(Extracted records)
▬▬▬
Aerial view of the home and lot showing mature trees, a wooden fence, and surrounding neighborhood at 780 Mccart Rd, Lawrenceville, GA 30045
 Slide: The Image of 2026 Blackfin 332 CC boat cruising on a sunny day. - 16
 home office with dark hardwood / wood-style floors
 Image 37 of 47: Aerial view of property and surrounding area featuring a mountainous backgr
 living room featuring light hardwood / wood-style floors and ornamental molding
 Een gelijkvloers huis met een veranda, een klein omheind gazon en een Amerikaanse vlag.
▬▬▬
▶ ABOUT THIS TASK
The response must contain each line above that holds the string "Aerial".

▶ PROBLEM SOLUTION
Aerial view of the home and lot showing mature trees, a wooden fence, and surrounding neighborhood at 780 Mccart Rd, Lawrenceville, GA 30045
 Image 37 of 47: Aerial view of property and surrounding area featuring a mountainous backgr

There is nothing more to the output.